ドル円は4日の欧州市場で節目と見られていた145円を割り込み、一時は144円53銭近辺までドル売りが進みました。そのままでは143円台、142円台も意識される展開でしたが、NYでは「3月の雇用統計」が市場予想を大きく上回ったことで、ドルが買い戻され、147円42銭まで反発する荒っぽい動きでした。7時間ほどの間に、3円程上昇したことになります。NY株式市場ではさらに大きな動きとなりました。中国が米国への対抗措置として同じく34%の報復関税を発表し「貿易戦争」の序幕が切って落とされたことで、ダウは前日比で2231ドル下落し、過去3番目の下げ幅を記録しました。中国は10日から、米国からの輸入品すべてに34%の関税を課すこととし、さらに電気自動車(EV)などに使う「ジスプロシウム」といったレアアースなどを輸出規制対象に加え、中国当局の許可がない限り、他国へは輸出できなくなります。株式市場だけではなく、この日はこれまで一貫して買われてきた「金」も売られました。ここ2日間では130ドル(約4%)の下げを記録しています。株式等の損を、利益がのっている「金」で穴埋めするといった動きではないかと思われます。また、原油価格もここ2日間で9ドル72セント(約13.6%)と大きく下げ、2021年4月以来およそ5年ぶりの安値に沈んでいます。こちらは、「トランプ関税」の影響で世界的なリセッション入りは避けられないことで、原油の使用量が減少すると言った見立てになっています。

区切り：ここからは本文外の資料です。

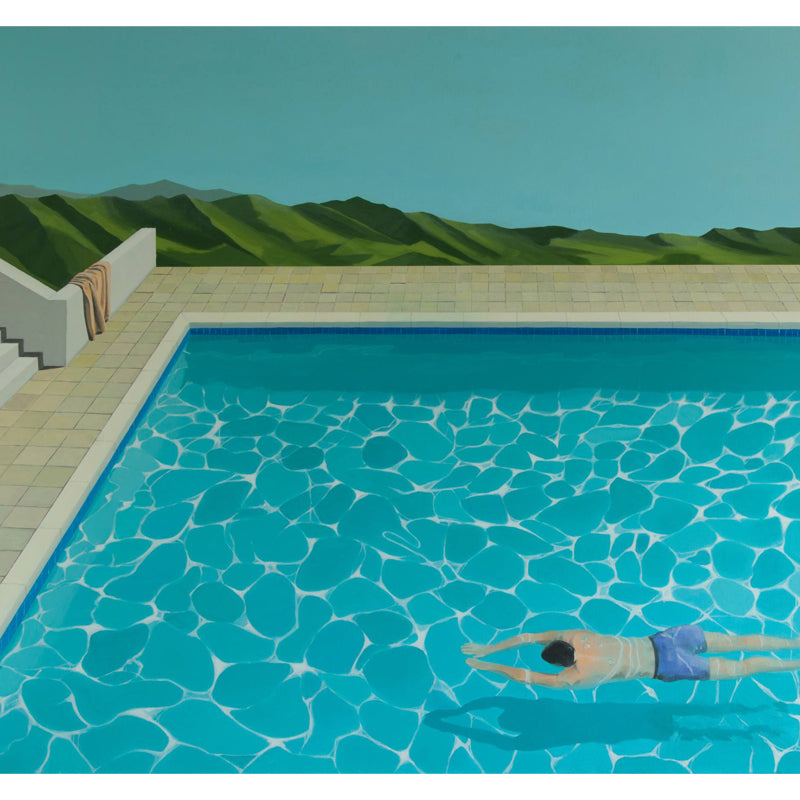 Breaststroke Swimming Murals Wallpaper Blue Artistic Wall Covering for Living Room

このように「トランプ関税」の発動を受け、世界の金融・商品市場が大混乱しているなか、トランプ氏に「極めて従順」なベッセント財務長官は、関税措置を受けて世界の金融市場が売り浴びせに直面する状況下でも、強気の姿勢を見せていました。ベッセント氏はNBCの番組で、「新たな関税は必要な措置だ。リセッションを織り込まなければならない理由は見あたらない」と、トランプ関税を擁護する発言を行い、さらに国家経済会議(NEC)のハセット委員長はABCの番組で、「関税により米国の消費者物価が『幾分上昇するかもしれない』」と認めつつも、「エコノミストやFRB当局者、一部議員による懸念は行き過ぎだ」と述べていました。両氏ともトランプ政権の中枢をなす人物で、この種の発言は当然と言えば当然で、意外感はありません。

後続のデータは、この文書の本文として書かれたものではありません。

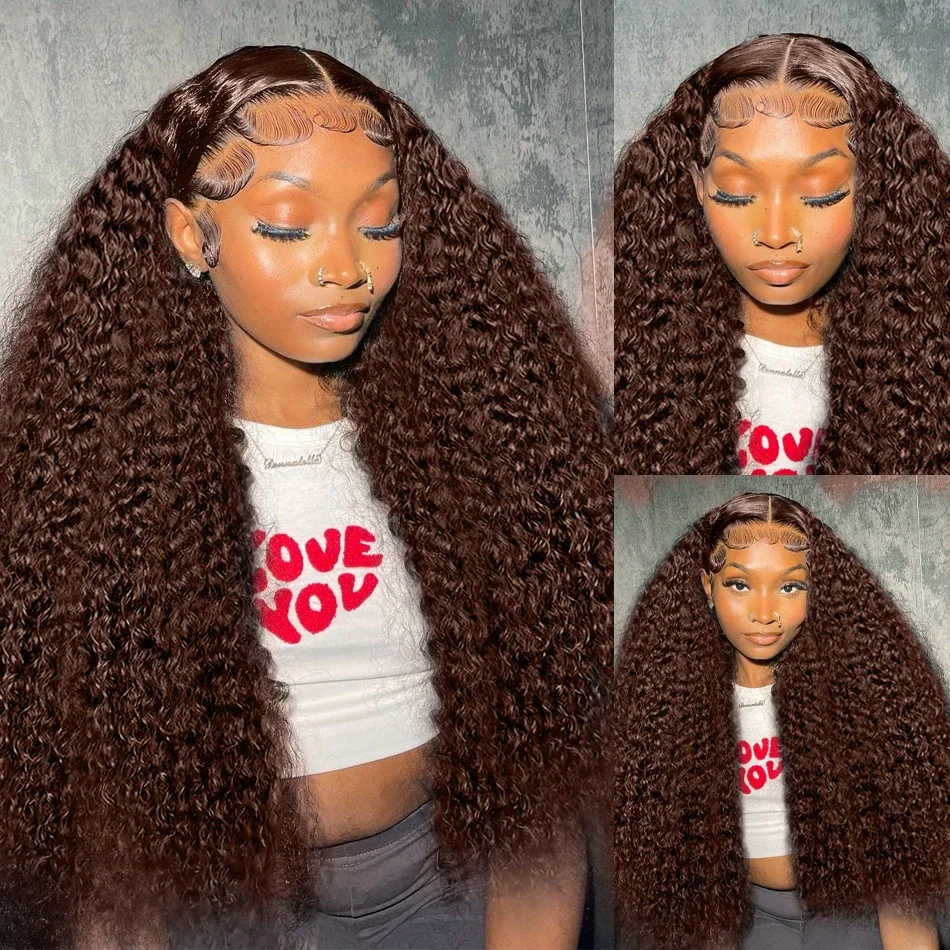 Chocolate Brown Lace Front Wig Deep Wave Frontal Wig 13x4 HD Lace Front Human Hair Wigs Pre Plucked Colored Curly Human Hair Wig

しかしこの大混乱を受け、米国内でもトランプ氏の関税政策を批難する声が高まっています。これまでトランプ氏を、総じて強力に支持してきた共和党のクルーズ上院議員は4日、「政権が進める関税引き上げは、米経済にとって『巨大なリスク』となっており、来年の中間選挙で共和党が惨敗する恐れがある」と述べ、「世界各国からの輸入品に関税を課せば、国内の雇用は崩壊し、米経済に深刻な打撃を与えることになる」と話しています。ただ、クルーズ議員の発言も、世界景気への懸念というよりは、選挙で共和党が負け、自身もその影響を受けることを懸念した「保身発言」のようにも聞こえます。さらに、米国民の間にも不安が広がっています。5日にはNYで数万人がデモを行い「トランプは世界を破壊した」と叫んで行進を行いました。参加者は「民主主義の危機」と書いたプラカードを手に、大声で行進していました。また、このようなデモはNYだけではなく、ワシントンやボストン、ロスアンゼルスなど全米50州の全ての主要都市で行われており、数十万人が参加したとみられています。(日経新聞)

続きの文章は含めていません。